Por seu turno, o n.º 1 do Art. 69º do DL n.º 194/2009, de 20 de Agosto, rege que todos os edifícios, existentes ou a construir, com acesso ao serviço de abastecimento público de água ou de saneamento de águas residuais devem dispor de sistemas prediais de distribuição de água e de drenagem de águas residuais devidamente licenciados, de acordo com as normas de concepção e dimensionamento em vigor, e estar ligados aos respectivos sistemas públicos, a menos que se tratem de unidades industriais, o que não é o caso.

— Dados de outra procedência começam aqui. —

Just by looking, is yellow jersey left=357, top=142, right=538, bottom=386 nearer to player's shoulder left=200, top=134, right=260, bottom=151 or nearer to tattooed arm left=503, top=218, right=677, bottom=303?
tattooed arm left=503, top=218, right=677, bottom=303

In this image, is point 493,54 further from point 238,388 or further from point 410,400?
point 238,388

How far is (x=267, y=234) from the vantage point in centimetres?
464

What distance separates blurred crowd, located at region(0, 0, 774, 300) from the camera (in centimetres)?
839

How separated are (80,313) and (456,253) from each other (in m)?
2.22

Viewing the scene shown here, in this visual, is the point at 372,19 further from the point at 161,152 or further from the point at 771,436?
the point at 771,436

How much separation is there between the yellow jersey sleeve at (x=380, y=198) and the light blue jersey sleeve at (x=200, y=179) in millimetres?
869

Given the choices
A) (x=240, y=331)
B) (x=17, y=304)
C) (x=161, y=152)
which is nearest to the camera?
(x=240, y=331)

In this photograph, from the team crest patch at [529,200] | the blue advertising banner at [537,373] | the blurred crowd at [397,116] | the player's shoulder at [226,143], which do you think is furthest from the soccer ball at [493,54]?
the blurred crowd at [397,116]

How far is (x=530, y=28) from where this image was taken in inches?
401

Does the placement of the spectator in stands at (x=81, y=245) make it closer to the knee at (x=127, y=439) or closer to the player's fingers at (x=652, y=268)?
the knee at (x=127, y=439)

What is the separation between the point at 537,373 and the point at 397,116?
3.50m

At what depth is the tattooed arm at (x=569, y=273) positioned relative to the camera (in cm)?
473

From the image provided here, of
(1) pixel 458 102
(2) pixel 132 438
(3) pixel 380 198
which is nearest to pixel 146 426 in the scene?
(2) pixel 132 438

Mais define no seu n.º 4 como sendo da responsabilidade do proprietário do edifício a instalação dos sistemas prediais e respetiva conservação em boas condições de funcionamento e salubridade.

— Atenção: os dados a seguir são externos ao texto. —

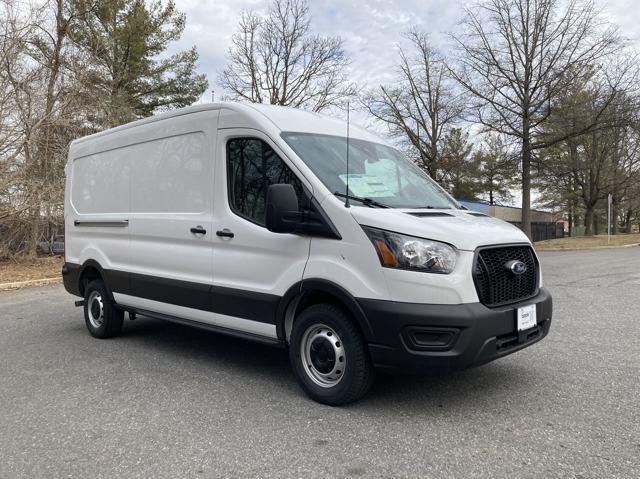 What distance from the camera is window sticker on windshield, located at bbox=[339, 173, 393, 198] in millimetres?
3992

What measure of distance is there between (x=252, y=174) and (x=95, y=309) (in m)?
3.31

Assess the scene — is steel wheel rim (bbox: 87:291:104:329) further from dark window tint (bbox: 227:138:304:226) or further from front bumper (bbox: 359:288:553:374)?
front bumper (bbox: 359:288:553:374)

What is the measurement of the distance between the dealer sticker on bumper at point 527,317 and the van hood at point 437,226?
504 millimetres

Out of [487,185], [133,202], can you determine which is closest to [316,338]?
[133,202]

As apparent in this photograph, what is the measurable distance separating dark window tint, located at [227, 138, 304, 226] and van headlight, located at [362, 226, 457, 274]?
103cm

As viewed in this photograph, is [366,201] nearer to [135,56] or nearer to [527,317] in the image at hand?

A entidade gestora, neste caso a Demandada, tem o direito de efetuar ações de inspeção dos sistemas prediais em caso de reclamações de utilizadores, perigos de contaminação ou poluição ou suspeita de fraude, nos termos do Art. 70º do mesmo diploma.

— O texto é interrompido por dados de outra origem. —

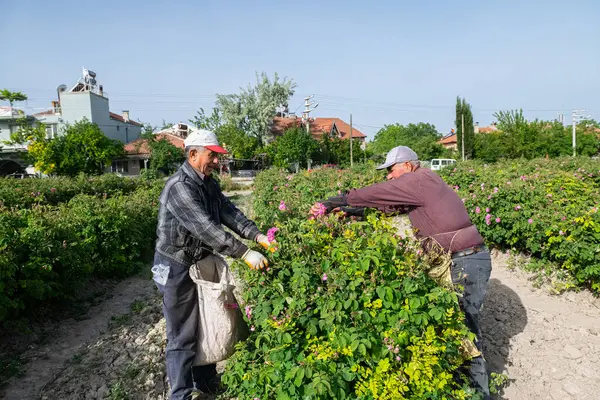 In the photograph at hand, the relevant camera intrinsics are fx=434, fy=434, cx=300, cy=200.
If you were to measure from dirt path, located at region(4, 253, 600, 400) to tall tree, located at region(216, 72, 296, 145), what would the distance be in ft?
149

O DL n.º 226-A/2007, de 31 de Maio, alterado pelo DL n.º 97/2018, de 27/11, impõe no n.º 3 do Art. 42º que um sistema de abastecimento particular produz água para consumo humano sob responsabilidade de uma entidade particular, só podendo funcionar na condição de impossibilidade de acesso ao abastecimento público, ficando sujeito aos requisitos legais para este tipo de utilização.
Ou seja, só é admissível o consumo humano de água privada se não houver possibilidade de acesso à rede de abastecimento público, definindo-se como disponível tal acesso desde que o sistema infra-estrutural da entidade gestora do serviço esteja localizado a uma distância igual ou inferior a 20 metros do limite da propriedade, segundo o n.º 2 do Art. 59º do DL n.º 194/2009, de 20 de Agosto, alterado pela Lei n.º 12/2014, de 06/03.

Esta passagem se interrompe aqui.